Şöyle yazmıştı Şehirlioğlu: ‘Adamın parasını yedi’ argümanına, ‘afiyet olsun’ demenin yeri. Çünkü bu nefret dolu ‘para avcısı’ saldırısının altında ezilip gizlenen, müthiş fırsat eşitsizliğini tartışmaya açıyor. Erzurum’dan gelen Acun’la Samsun’dan gelen Şeyma’nın benzer yollardan yürüseler bile yaşayacakları aynı olur muydu? Televole stüdyolarında her türlü tacize uğrayıp sigortasız çalıştırılacak Şeyma ile altın çocuk Acun’un ‘Firarda’ parlama öyküsü denk gider miydi? (…) Dünyada kadın ve erkeklerin eşit gelir seviyesine gelmesine daha 170 sene olduğu konuşuluyor.
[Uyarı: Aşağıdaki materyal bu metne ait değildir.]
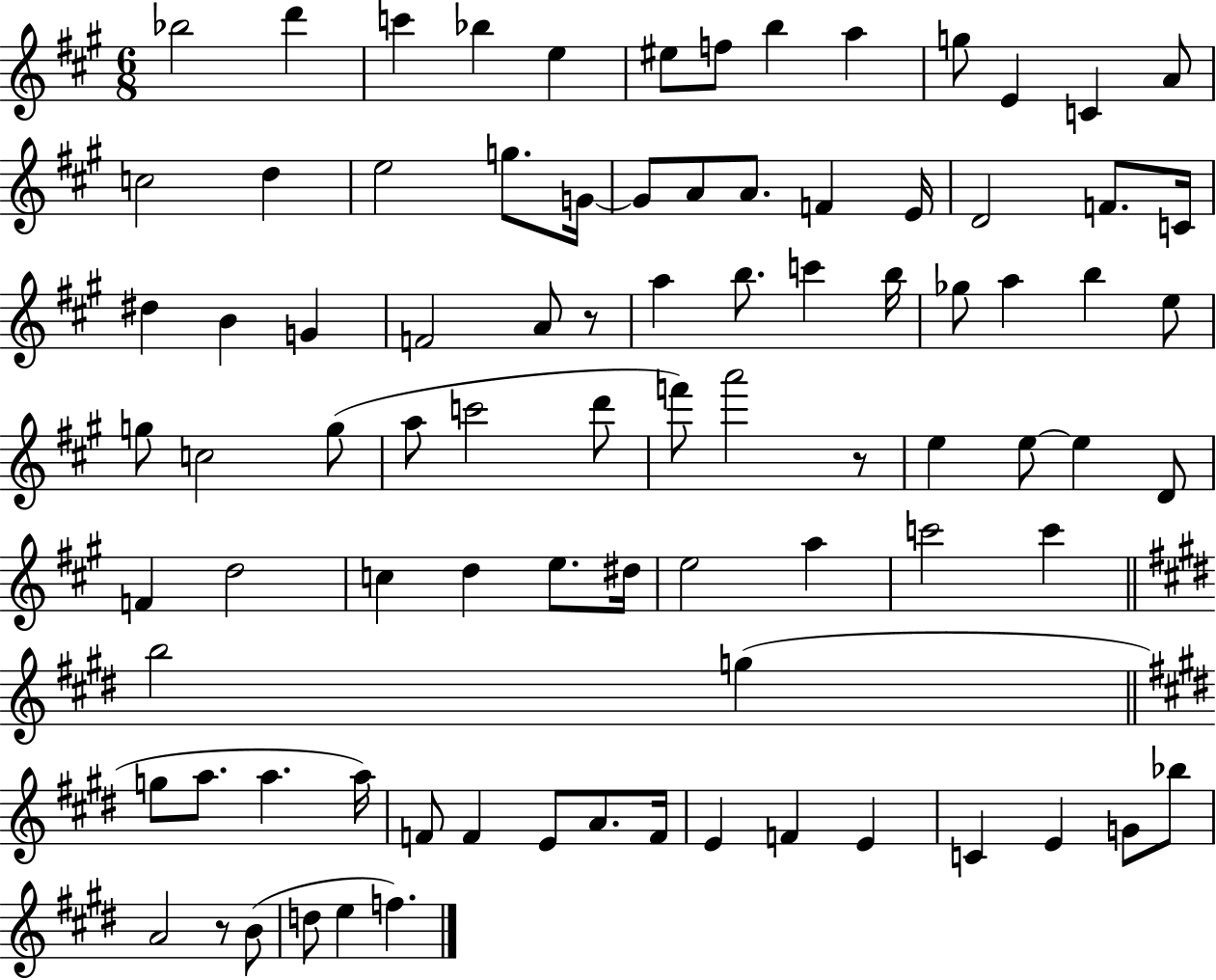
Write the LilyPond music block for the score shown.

PARAYI NASIL HARCIYORMUŞ KİME NE?
Şeyma, muhafazakar bir toplumda ‘metres’ damgası yemeyi göze aldı. Evlenmeden çocuğunu doğurdu. Kadın düşmanlığının öznesi haline geldi. Kendince acılar yaşadı ve sonunda öyle ya da böyle ülkedeki herkese adını ezberletti.
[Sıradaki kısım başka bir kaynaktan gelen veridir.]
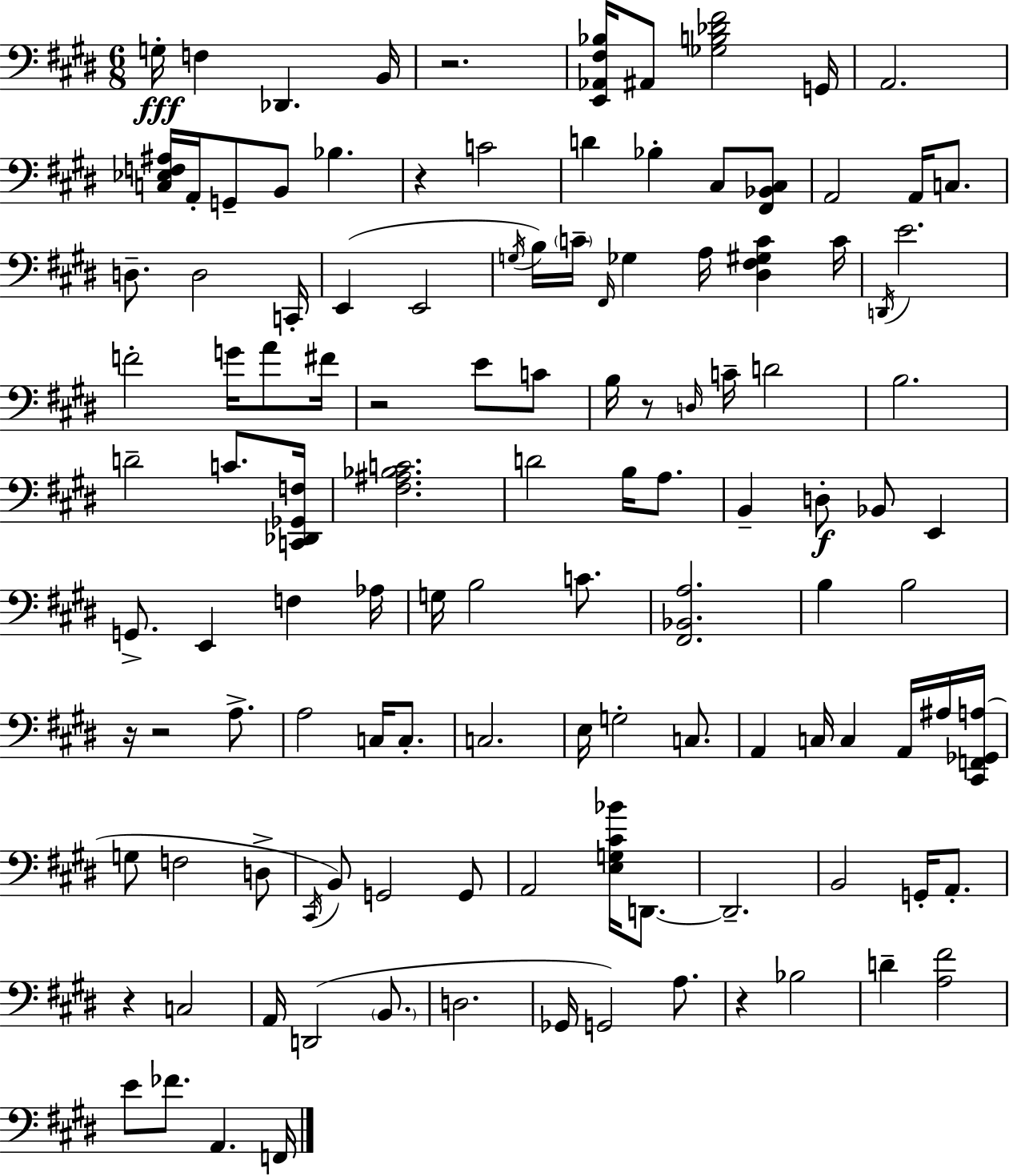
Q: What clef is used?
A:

Parayı nasıl harcıyormuş? İstediği gibi yaşayarak, oturup ağlamak yerine hayatına devam ederek, mağduru oynamayarak, dünyayı gezerek, sabahlara kadar dans ederek, yeni sevgilisiyle eğlenerek, sevdiği gibi giyinerek, kısacık şortları, bikinileri, süper mini etekleri ve file çoraplarıyla festivallerde gezerek! Kime ne?
Şeyma geleneksel bir anne olmadığı için kızı Melisa adına endişelenenlere, reel olarak sevgi, ilgi ve maddi yoksunluk çeken, yadsınamaz sorunları olan, şiddet gören yüzbinlerce başka çocuk için üzülmelerini öneririm. İçini bilemeyiz ama 6 yaşındaki Melisa hayli neşeli bir küçük insana benziyor; cin gibi gözleriyle etrafına merakla bakıyor.
Miami’de gezerken yağmur yağınca arabanın üstü açık diye korkmuş. Bunun üzerinden Şeyma’yı linç edenler; umalım da hepinizin çocuğunun en büyük travması bu olsun…
NEFRET EDİLEN ASLINDA NE?
Burada kimsenin savunuculuğunu yapmıyorum. Sadece bu kişilerin maruz kaldığı aşırı küçümseme, aşağılama, hakaret ve haksızlığın, tabu kırıcıların duvarda açtıkları delik sebebiyle olduğunu düşünüyorum. Yoksa onlar öyle yaşıyor, siz de başka türlü yaşıyorsunuz, değil mi? Takip etmez, dinlemez, izlemezsiniz olur biter. Ama nefret? İşte o nefret aslında kişilere değil; varoluşlarımızı üzerine kurduğumuz tabularda yarattıkları sarsıntının, alışılmamış olanın verdiği kaygının tezahürü…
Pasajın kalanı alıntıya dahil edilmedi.